TASK DETAILS
Your output must match the records below character for character.

Saved data entries
- - -

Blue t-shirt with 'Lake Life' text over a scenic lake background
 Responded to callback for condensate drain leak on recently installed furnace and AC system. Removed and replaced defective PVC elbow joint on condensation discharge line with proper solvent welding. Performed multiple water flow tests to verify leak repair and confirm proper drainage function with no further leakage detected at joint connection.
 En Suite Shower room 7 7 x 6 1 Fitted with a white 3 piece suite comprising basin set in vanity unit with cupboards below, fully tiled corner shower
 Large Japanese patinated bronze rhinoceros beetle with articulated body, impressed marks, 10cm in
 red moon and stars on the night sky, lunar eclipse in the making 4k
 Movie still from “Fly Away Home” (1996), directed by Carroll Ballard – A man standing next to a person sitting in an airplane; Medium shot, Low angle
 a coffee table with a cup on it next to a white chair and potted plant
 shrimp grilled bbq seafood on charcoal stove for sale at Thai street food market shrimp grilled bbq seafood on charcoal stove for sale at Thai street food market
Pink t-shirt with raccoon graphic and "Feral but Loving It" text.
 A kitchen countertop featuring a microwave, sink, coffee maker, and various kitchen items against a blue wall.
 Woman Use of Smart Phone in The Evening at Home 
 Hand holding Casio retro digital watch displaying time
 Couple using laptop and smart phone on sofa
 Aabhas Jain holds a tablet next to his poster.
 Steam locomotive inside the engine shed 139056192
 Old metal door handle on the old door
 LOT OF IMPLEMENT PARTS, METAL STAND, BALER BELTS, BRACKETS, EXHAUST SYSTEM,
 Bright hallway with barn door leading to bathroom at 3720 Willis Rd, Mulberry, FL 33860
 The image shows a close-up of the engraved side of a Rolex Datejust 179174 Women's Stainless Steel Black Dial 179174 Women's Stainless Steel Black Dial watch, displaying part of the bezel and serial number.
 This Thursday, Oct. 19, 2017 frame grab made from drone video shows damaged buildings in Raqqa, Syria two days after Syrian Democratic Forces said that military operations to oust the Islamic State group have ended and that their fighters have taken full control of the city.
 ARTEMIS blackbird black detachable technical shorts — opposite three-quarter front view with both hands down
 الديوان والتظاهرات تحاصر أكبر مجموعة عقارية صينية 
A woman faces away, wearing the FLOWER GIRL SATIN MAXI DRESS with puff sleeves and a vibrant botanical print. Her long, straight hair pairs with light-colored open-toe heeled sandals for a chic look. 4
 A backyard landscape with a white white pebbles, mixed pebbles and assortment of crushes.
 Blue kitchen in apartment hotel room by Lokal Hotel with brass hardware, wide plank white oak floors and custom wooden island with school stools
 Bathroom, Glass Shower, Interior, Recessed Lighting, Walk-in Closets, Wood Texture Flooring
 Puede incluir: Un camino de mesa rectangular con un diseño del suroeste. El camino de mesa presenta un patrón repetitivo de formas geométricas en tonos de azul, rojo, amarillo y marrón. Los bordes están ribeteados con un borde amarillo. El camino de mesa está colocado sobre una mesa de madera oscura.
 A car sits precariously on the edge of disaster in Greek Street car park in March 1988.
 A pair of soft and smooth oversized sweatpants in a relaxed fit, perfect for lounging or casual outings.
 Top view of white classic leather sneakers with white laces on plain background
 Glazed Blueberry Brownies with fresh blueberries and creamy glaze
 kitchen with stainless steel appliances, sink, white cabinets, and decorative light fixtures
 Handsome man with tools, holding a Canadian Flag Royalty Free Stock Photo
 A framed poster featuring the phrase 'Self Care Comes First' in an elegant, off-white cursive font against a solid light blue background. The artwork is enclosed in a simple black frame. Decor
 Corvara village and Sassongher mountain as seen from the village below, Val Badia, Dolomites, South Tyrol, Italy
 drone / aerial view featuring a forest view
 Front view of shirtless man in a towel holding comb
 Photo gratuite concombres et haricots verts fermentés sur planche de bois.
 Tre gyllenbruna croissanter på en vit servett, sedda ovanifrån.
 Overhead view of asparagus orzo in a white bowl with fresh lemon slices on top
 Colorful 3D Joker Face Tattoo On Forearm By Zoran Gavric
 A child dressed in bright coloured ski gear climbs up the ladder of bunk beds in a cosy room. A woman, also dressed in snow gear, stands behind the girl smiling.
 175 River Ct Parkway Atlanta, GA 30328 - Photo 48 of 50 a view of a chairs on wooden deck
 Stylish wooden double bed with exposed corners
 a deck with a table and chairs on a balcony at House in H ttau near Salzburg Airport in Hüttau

- - -

ANSWER AREA
Blue t-shirt with 'Lake Life' text over a scenic lake background
 Responded to callback for condensate drain leak on recently installed furnace and AC system. Removed and replaced defective PVC elbow joint on condensation discharge line with proper solvent welding. Performed multiple water flow tests to verify leak repair and confirm proper drainage function with no further leakage detected at joint connection.
 En Suite Shower room 7 7 x 6 1 Fitted with a white 3 piece suite comprising basin set in vanity unit with cupboards below, fully tiled corner shower
 Large Japanese patinated bronze rhinoceros beetle with articulated body, impressed marks, 10cm in
 red moon and stars on the night sky, lunar eclipse in the making 4k
 Movie still from “Fly Away Home” (1996), directed by Carroll Ballard – A man standing next to a person sitting in an airplane; Medium shot, Low angle
 a coffee table with a cup on it next to a white chair and potted plant
 shrimp grilled bbq seafood on charcoal stove for sale at Thai street food market shrimp grilled bbq seafood on charcoal stove for sale at Thai street food market
Pink t-shirt with raccoon graphic and "Feral but Loving It" text.
 A kitchen countertop featuring a microwave, sink, coffee maker, and various kitchen items against a blue wall.
 Woman Use of Smart Phone in The Evening at Home 
 Hand holding Casio retro digital watch displaying time
 Couple using laptop and smart phone on sofa
 Aabhas Jain holds a tablet next to his poster.
 Steam locomotive inside the engine shed 139056192
 Old metal door handle on the old door
 LOT OF IMPLEMENT PARTS, METAL STAND, BALER BELTS, BRACKETS, EXHAUST SYSTEM,
 Bright hallway with barn door leading to bathroom at 3720 Willis Rd, Mulberry, FL 33860
 The image shows a close-up of the engraved side of a Rolex Datejust 179174 Women's Stainless Steel Black Dial 179174 Women's Stainless Steel Black Dial watch, displaying part of the bezel and serial number.
 This Thursday, Oct. 19, 2017 frame grab made from drone video shows damaged buildings in Raqqa, Syria two days after Syrian Democratic Forces said that military operations to oust the Islamic State group have ended and that their fighters have taken full control of the city.
 ARTEMIS blackbird black detachable technical shorts — opposite three-quarter front view with both hands down
 الديوان والتظاهرات تحاصر أكبر مجموعة عقارية صينية 
A woman faces away, wearing the FLOWER GIRL SATIN MAXI DRESS with puff sleeves and a vibrant botanical print. Her long, straight hair pairs with light-colored open-toe heeled sandals for a chic look. 4
 A backyard landscape with a white white pebbles, mixed pebbles and assortment of crushes.
 Blue kitchen in apartment hotel room by Lokal Hotel with brass hardware, wide plank white oak floors and custom wooden island with school stools
 Bathroom, Glass Shower, Interior, Recessed Lighting, Walk-in Closets, Wood Texture Flooring
 Puede incluir: Un camino de mesa rectangular con un diseño del suroeste. El camino de mesa presenta un patrón repetitivo de formas geométricas en tonos de azul, rojo, amarillo y marrón. Los bordes están ribeteados con un borde amarillo. El camino de mesa está colocado sobre una mesa de madera oscura.
 A car sits precariously on the edge of disaster in Greek Street car park in March 1988.
 A pair of soft and smooth oversized sweatpants in a relaxed fit, perfect for lounging or casual outings.
 Top view of white classic leather sneakers with white laces on plain background
 Glazed Blueberry Brownies with fresh blueberries and creamy glaze
 kitchen with stainless steel appliances, sink, white cabinets, and decorative light fixtures
 Handsome man with tools, holding a Canadian Flag Royalty Free Stock Photo
 A framed poster featuring the phrase 'Self Care Comes First' in an elegant, off-white cursive font against a solid light blue background. The artwork is enclosed in a simple black frame. Decor
 Corvara village and Sassongher mountain as seen from the village below, Val Badia, Dolomites, South Tyrol, Italy
 drone / aerial view featuring a forest view
 Front view of shirtless man in a towel holding comb
 Photo gratuite concombres et haricots verts fermentés sur planche de bois.
 Tre gyllenbruna croissanter på en vit servett, sedda ovanifrån.
 Overhead view of asparagus orzo in a white bowl with fresh lemon slices on top
 Colorful 3D Joker Face Tattoo On Forearm By Zoran Gavric
 A child dressed in bright coloured ski gear climbs up the ladder of bunk beds in a cosy room. A woman, also dressed in snow gear, stands behind the girl smiling.
 175 River Ct Parkway Atlanta, GA 30328 - Photo 48 of 50 a view of a chairs on wooden deck
 Stylish wooden double bed with exposed corners
 a deck with a table and chairs on a balcony at House in H ttau near Salzburg Airport in Hüttau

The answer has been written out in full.